Hawaii and the ACLU drew an analogy to U.S. Bancorp Mortgage v. Bonner Mall (513 U.S. 18), a 1994 case in which U.S. Bancorp, a creditor in Bonner’s Chapter 11 bankruptcy, sought to suspend the automatic stay on litigation against the debtor. After the Supreme Court granted the mortgage company’s petition for review, the two sides reached an agreement on a plan of reorganization that included an acknowledgment that the Supreme Court case was moot. U.S. Bancorp nevertheless asked the court to vacate the lower court holding that it could not sue Bonner over the original Chapter 11 plan.
The Supreme Court said no. Vacatur is an extraordinary remedy, the court said, and parties seeking it bear a burden of showing they’re entitled to it. U.S. Bancorp basically forfeited that right when it acceded to a settlement – an action that rendered the case moot. Its “voluntary forfeiture of review constitutes a failure of equity that makes the burden decisive, whatever respondent’s share in the mooting of the case might have been.”
Justice Antonin Scalia, who wrote the court’s unanimous opinion in U.S. Bancorp, bemoaned opinions relying on dicta from the Munsingwear opinion. The Scalia quote I cited in the previous paragraph is also arguably dicta, since the holding in U.S. Bancorp was limited to cases mooted by settlement. That’s not what happened in the travel ban litigation.
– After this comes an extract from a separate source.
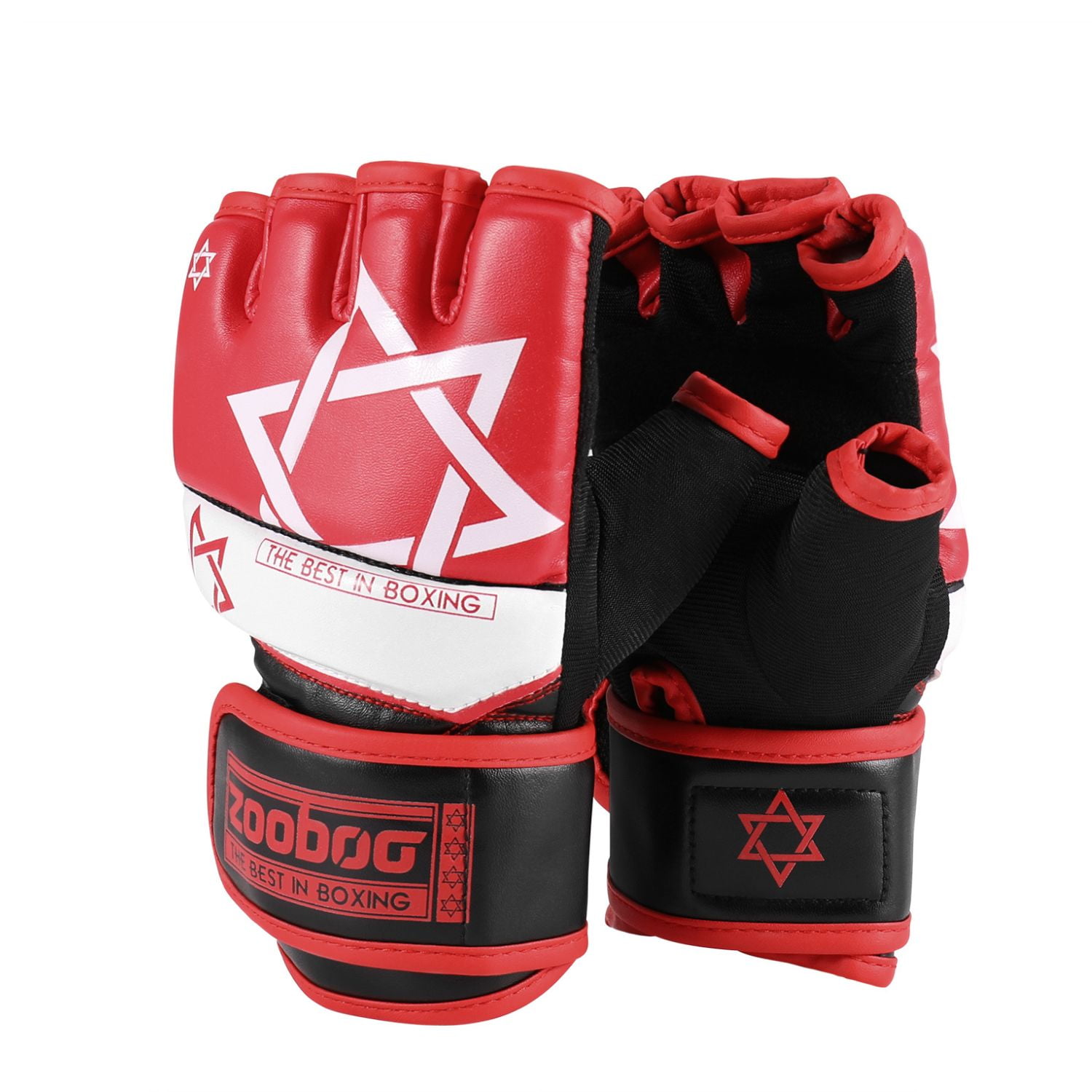 MMA Gloves UFC Grappling Kick Boxing Karate Muay Thai Training Glove Red-Blk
But the Supreme Court’s message in the handful of cases considering mootness and vacatur seems to be that a party can’t wipe out undesirable precedent by acting to moot the underlying case.
If the Supreme Court sticks to that principle, the 4th and 9th Circuit decisions on Trump’s previous travel ban should stay in place unless the justices decide to hear the cases and overturn lower court precedent on the merits. The Justice Department may get its cake – dismissal of the travel ban case at the Supreme Court – but it can’t eat it too.